Emily King Associate Professor

Office: Weber 206B

Phone: (970) 491-6440

Website: https://www.math.colostate.edu/~king

Curriculum Vitae: https://www.math.colostate.edu/~king/EJKing_longCV_17Oct2020.pdf

Google Scholar: https://scholar.google.com/citations?user=Yzfas5QAAAAJ&hl=en


  • PhD Mathematics, University of Maryland 2009
  • MS Mathematics, Texas A&M University 2005
  • BS Mathematics, Texas A&M 2003


My research takes an interdisciplinary approach to harmonic analysis with applications in image processing and data analysis. The modern world is powered by a deluge of data, and much of human progress hinges on developing better methods to process this data. Many powerful data processing algorithms rely on a well-designed representation system, and we can leverage beautiful mathematics to design such systems. Much of my research concerns the design of representation systems involving rich symmetries and combinatorial structures that allow one to extract critical features from various classes of data.

Representation systems play a crucial role in both low complexity models (where they are known as dictionaries) and redundant transforms (where they are known as frames). By and large, my research is guided by two fundamental questions along these lines:

  • How can low complexity models be used to develop tools and analyze success in data analysis and machine learning?
  • How can algebraic, geometric, and combinatorial methods be leveraged to solve open problems in frame theory and quantum information theory?

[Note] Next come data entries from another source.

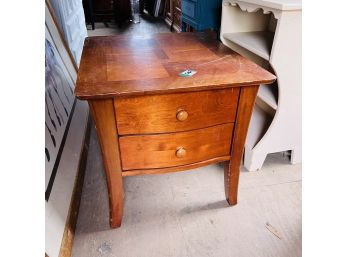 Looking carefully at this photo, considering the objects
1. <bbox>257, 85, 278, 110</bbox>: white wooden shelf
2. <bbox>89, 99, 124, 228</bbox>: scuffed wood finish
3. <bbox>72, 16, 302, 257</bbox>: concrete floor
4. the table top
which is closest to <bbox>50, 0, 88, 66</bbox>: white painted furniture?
the table top

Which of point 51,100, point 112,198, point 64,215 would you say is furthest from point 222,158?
point 51,100

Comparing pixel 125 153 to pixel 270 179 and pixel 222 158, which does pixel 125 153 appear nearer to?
pixel 222 158

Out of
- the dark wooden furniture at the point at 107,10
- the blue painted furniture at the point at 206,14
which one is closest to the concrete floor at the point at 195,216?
the blue painted furniture at the point at 206,14

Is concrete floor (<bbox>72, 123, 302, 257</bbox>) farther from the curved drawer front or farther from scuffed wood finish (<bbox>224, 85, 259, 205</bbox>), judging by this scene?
the curved drawer front

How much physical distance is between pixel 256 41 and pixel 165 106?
73 cm

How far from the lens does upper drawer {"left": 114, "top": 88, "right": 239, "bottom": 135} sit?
79 centimetres

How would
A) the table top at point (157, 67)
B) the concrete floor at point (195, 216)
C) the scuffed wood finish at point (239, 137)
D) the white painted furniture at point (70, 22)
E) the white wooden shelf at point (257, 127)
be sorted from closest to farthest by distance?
the table top at point (157, 67)
the scuffed wood finish at point (239, 137)
the concrete floor at point (195, 216)
the white wooden shelf at point (257, 127)
the white painted furniture at point (70, 22)

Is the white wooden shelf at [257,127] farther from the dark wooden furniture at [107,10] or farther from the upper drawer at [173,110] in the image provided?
the dark wooden furniture at [107,10]

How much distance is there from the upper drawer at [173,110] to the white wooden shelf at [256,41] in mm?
414

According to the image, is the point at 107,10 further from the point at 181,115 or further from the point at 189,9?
the point at 181,115

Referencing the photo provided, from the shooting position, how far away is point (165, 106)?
80 cm

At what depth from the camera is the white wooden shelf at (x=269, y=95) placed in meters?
1.24

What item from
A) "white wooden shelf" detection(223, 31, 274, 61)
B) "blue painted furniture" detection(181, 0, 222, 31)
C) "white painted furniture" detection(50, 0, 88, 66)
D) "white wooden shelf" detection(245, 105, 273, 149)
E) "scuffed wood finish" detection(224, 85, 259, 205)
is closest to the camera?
"scuffed wood finish" detection(224, 85, 259, 205)

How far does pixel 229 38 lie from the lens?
1.33m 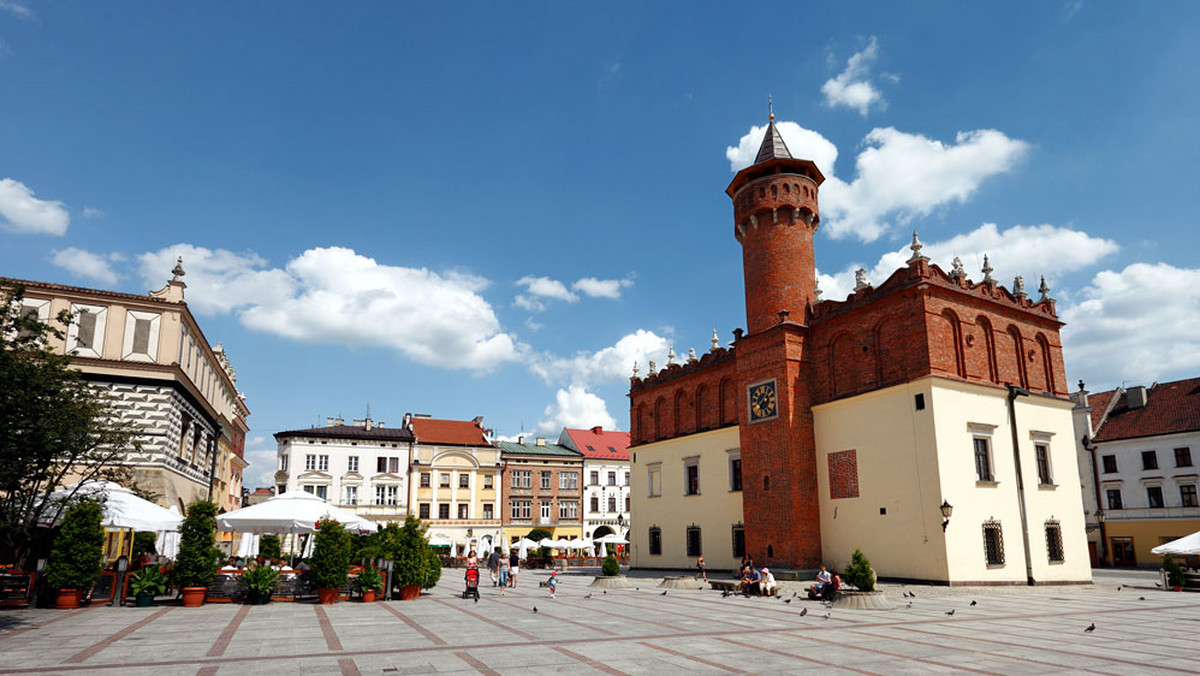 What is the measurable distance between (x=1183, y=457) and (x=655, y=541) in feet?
112

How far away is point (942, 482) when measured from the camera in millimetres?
24500

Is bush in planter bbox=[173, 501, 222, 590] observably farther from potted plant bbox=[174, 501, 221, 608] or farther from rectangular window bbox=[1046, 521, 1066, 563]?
rectangular window bbox=[1046, 521, 1066, 563]

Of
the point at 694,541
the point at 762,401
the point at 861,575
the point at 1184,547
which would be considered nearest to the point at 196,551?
the point at 861,575

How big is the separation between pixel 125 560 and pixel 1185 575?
119ft

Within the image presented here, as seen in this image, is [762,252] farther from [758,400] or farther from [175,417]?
[175,417]

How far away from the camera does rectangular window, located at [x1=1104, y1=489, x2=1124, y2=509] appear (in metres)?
47.8

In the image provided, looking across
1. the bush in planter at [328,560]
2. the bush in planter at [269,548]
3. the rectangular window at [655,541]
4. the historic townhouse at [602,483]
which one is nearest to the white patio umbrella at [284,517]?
the bush in planter at [328,560]

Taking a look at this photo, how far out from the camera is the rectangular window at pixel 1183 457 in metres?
44.3

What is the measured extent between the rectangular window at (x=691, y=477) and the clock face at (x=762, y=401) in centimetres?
719

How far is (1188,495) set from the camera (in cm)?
4391

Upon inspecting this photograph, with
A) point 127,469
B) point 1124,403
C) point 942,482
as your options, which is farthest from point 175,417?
point 1124,403

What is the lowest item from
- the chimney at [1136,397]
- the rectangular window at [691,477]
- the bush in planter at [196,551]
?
the bush in planter at [196,551]

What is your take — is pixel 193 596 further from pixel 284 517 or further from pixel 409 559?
pixel 409 559

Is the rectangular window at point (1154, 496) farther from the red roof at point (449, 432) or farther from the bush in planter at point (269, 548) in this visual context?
the bush in planter at point (269, 548) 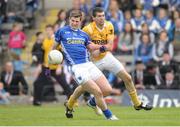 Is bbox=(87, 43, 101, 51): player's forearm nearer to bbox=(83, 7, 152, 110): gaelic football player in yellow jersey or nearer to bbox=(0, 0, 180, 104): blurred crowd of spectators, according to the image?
bbox=(83, 7, 152, 110): gaelic football player in yellow jersey

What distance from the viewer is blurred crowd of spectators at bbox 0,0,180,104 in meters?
24.8

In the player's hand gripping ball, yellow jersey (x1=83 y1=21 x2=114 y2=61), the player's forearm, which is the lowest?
the player's hand gripping ball

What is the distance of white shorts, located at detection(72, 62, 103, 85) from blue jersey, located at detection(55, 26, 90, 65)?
0.42 feet

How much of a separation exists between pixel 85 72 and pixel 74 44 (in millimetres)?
718

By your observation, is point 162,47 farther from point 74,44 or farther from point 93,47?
point 74,44

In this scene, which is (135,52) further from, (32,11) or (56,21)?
(32,11)

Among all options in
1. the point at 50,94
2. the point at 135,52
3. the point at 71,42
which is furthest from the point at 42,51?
the point at 71,42

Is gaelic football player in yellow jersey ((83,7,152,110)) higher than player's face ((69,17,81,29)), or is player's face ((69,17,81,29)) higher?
player's face ((69,17,81,29))

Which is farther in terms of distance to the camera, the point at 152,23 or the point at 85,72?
the point at 152,23

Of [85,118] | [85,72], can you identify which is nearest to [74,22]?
[85,72]

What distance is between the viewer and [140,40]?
25.8m

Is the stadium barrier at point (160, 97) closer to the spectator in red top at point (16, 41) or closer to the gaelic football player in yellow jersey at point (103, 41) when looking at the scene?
the spectator in red top at point (16, 41)

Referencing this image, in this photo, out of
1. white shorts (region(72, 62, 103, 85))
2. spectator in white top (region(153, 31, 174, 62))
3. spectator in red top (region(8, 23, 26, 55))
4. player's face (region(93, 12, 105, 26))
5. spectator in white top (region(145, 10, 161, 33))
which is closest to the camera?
white shorts (region(72, 62, 103, 85))

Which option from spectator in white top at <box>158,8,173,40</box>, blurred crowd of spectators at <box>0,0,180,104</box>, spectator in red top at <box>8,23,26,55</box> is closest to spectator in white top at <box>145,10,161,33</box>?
blurred crowd of spectators at <box>0,0,180,104</box> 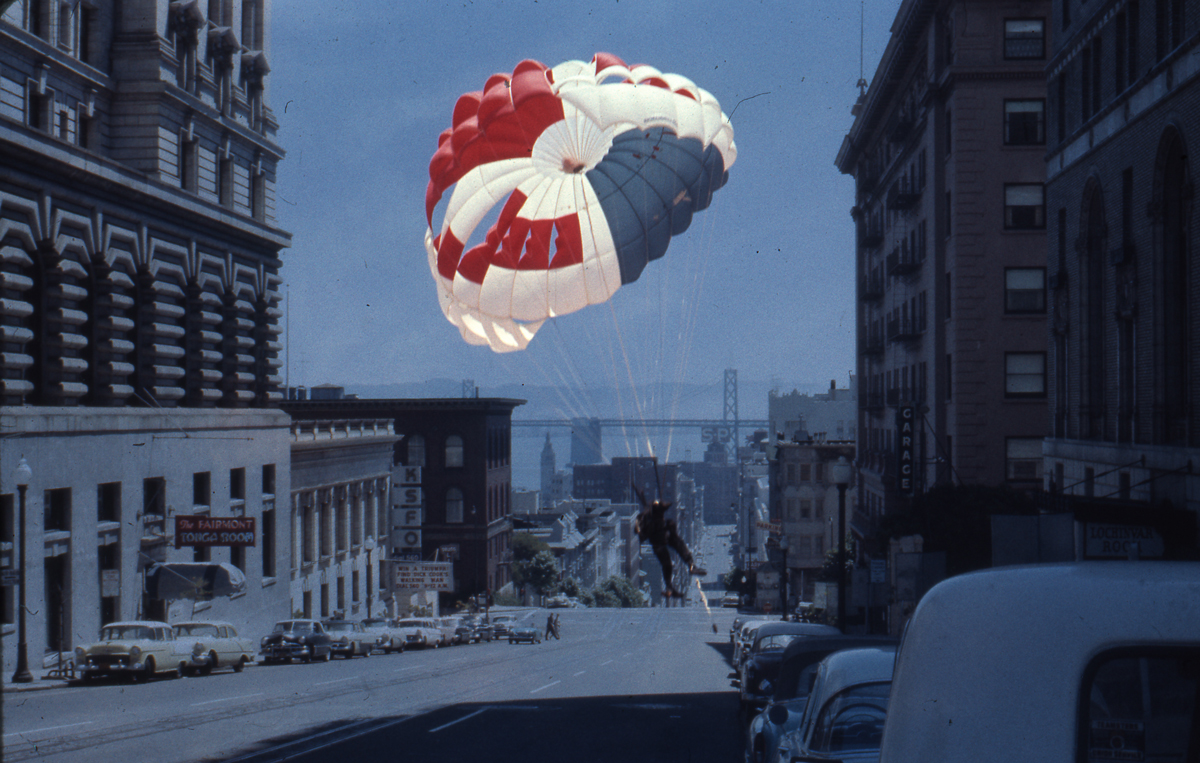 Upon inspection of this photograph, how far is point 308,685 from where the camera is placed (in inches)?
992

Low complexity models include mathematical tools like sparsity, low-rank assumptions, and regularization via generative models.  As an example, sparse representation refers to the case where each element in a class of data can be well approximated by a linear combination of a few elements of a certain representation system (i.e., a set of building blocks).  When this happens, it is a sign that the building blocks chosen are in some sense optimal for the data  and allows one to use simplified methods to analyze the data. I am interested in how low complexity models can be used to better understand neural networks and image processing techniques and how they can be used to create customized tools for feature extraction and signal & image processing.

Frames are redundant systems in Hilbert spaces which have reconstruction properties akin to orthonormal bases. In finite dimensions, one often seeks frames which represent line configurations which are optimally geometrically spread apart and are in some cases also equivalent to special measurement systems in quantum information theory.  In recent years, more has been discovered about the deep connections between such frames and mathematical fields like algebraic combinatorics, real algebraic geometry, and algebraic number theory.  My aim is to attack open problems in finite frame theory using these tools. I am also interested in characterizing frames in L2(G), where G is a locally compact abelian group, and using representation theory to generate new transforms in L2(Rd).